Esa presentación tan limitada del territorio cartagenero ha servido como caldo de cultivo para ignorar el resto de manifestaciones comunitarias que han hecho ciudad. Por ejemplo, el Oriente cartagenero cuenta también la otra cara de las migraciones. Otra ciudad de Espaldas al mar, y con aire más sabanero que porteño, fue testigo de este crecimiento vertiginoso y todavía imparable que vive nuestro territorio. La misma arquitectura republicana con ligeras variaciones, patios amplios, terrenos plagados de vegetación, hectáreas de solares  y animales de corral fue convirtiéndose en edificios con aires de modernidad y sin mayor planeación.

Pero había más en esa ciudad invisible. En el corazón del oriente cartagenero, por ejemplo, se instaló la pequeña villa del restaurador Miguel Sebastián Guerrero y su esposa Alicia: una hectárea, más o menos, en la vieja providencia a espaldas de los terrenos de la orden de las  hermanas franciscanas auxiliadoras de la que hacía parte (S) María Bernarda Bütler, y en donde se encuentra uno de los colegios más antiguos de la ciudad que lleva su nombre en honor a Monseñor Eugenio Biffi. Este lugar, ya arrasado por el crecimiento de la ciudad, era un casi salto a la fantasía caribeña más allá del  realismo mágico: fuentes con querubines y sapos en piedra tallada plagados de verdín, una casa de techos más altos a los acostumbrados con un marcado aire gótico que incluía, al estilo de las historias nórdicas, esculturas talladas a tamaño casi familiar con su oscuridad intencional, sus jarrones igual de grandes a una niña o niño de 5 años y otras creaciones del artista. Cuando Miguel Sebastián Guerrero murió, su esposa se acostumbró a ver a niñas y niños de la zona husmear sus espacios dantescos. Ella, la dulce Alicia, vestida de faldas largas y camisas con pañoletas de seda al cuello en pleno sopor costeño, nos miraba desde su mecedora sin mediar palabra.

Entonces no, no solo está la cartagena luminosa y dorada por el mar, ni la otra festiva y abandonada por las políticas públicas de la ciudad. Cartagena es una ciudad de contrastes más profundos, de historias que necesitan narrarse a varias voces para desentrañar, o al menos acercarnos, a la mística de este territorio tan provechoso para la corona española y el resto del país.
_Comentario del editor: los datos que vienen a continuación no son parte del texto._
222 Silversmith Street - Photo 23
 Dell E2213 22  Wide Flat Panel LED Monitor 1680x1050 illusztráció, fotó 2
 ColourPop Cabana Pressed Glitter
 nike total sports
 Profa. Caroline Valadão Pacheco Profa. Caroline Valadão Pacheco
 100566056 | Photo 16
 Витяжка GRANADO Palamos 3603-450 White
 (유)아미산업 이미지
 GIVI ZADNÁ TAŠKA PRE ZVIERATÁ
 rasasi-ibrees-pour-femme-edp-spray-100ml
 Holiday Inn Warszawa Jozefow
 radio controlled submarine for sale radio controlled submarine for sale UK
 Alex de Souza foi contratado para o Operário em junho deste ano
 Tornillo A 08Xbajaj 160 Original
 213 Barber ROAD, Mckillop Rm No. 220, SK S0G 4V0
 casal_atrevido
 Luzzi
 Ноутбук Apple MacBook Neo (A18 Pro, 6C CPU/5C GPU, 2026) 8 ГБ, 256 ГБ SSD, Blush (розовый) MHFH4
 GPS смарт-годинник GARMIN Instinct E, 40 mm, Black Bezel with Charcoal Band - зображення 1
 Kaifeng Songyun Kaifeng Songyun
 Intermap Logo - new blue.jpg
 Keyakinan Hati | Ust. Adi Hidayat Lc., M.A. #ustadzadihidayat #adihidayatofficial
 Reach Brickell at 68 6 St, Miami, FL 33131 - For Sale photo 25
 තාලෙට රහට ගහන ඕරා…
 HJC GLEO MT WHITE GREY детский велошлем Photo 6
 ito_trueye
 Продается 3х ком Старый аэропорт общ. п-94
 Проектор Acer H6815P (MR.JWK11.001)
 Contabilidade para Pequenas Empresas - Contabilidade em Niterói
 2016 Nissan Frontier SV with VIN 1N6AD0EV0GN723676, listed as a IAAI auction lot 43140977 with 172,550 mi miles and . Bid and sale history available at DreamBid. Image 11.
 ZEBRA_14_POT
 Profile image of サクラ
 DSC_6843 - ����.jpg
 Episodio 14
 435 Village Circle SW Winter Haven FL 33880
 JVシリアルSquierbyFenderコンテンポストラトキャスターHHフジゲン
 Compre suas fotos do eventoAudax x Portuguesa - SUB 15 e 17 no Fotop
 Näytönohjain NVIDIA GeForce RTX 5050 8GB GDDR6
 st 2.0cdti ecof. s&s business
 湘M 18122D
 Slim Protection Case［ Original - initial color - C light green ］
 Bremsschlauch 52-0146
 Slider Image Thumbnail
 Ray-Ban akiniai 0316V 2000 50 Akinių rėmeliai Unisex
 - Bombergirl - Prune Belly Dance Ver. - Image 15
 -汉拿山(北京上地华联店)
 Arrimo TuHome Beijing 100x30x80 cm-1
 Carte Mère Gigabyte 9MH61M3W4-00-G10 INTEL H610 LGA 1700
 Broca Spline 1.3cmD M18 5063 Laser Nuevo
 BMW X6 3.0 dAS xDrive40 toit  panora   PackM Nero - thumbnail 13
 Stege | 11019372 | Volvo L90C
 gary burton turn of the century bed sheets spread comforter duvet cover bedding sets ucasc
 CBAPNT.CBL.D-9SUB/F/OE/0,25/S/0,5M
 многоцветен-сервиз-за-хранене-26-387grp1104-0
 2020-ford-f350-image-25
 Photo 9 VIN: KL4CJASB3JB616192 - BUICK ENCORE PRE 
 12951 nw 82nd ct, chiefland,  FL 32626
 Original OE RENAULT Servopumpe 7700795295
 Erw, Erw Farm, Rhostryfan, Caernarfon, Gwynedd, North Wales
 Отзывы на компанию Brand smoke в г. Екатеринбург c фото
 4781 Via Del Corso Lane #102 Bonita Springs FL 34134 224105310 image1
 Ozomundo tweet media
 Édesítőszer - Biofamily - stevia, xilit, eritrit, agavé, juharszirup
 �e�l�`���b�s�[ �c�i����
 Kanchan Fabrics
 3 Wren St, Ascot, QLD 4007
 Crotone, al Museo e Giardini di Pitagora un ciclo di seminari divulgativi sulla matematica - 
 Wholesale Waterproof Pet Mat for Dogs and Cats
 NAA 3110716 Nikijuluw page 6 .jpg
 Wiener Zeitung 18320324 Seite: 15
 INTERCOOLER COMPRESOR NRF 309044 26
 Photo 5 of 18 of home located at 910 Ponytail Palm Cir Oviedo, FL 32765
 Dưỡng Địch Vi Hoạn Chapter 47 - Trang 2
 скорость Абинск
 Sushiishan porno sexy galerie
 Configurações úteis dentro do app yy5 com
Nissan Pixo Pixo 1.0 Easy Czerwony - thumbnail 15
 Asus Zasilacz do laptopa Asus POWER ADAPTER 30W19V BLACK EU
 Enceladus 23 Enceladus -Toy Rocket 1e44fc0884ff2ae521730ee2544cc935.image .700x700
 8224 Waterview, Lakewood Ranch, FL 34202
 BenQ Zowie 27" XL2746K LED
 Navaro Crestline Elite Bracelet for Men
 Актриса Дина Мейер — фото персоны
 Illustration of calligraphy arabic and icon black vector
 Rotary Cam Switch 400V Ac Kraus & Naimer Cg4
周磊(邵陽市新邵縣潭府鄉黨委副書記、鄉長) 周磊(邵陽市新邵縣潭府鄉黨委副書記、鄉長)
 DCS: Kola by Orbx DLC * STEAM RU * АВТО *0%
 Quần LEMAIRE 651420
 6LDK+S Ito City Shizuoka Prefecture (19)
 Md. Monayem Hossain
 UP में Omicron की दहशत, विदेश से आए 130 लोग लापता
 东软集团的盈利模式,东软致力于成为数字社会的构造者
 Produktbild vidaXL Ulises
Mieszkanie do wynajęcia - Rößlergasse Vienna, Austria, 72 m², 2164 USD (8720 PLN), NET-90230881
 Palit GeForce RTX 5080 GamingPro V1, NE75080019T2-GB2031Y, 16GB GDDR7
Es por eso, porque el trabajo de tejido de memoria en la Heroica exige más voces de las que se escuchan, que procesos comunitarios como los de "Zocosorongo" y "lo doy porque quiero Cartagena" son tan urgentes para la ciudad, porque ayudan a reconocer esas facciones que el crecimiento urbano parece devorarse, y porque ayudan a restaurar la autoestima colectiva al reconocer que hay más que murallas y necesidades en este lugar. Las historias de esa Cartagena profunda nos conectan con raíces todavía desconocidas que también componen lo que somos.
Una ciudad de puertas abiertas que todavía, por más colonización y aun por por encima de ella, sigue descubriendo sus falanges; el gran cangrejo de las Indias todavía está vivo y está a la espera de ser descubierto sin avasallamientos ni estigmatizaciones abigarradas.

Salgamos a caminar este territorio y a escuchar los cuentos viejos de sus barrios. Nunca sabemos dónde se agazapa la poesía que envuelve a Cartagena de Indias.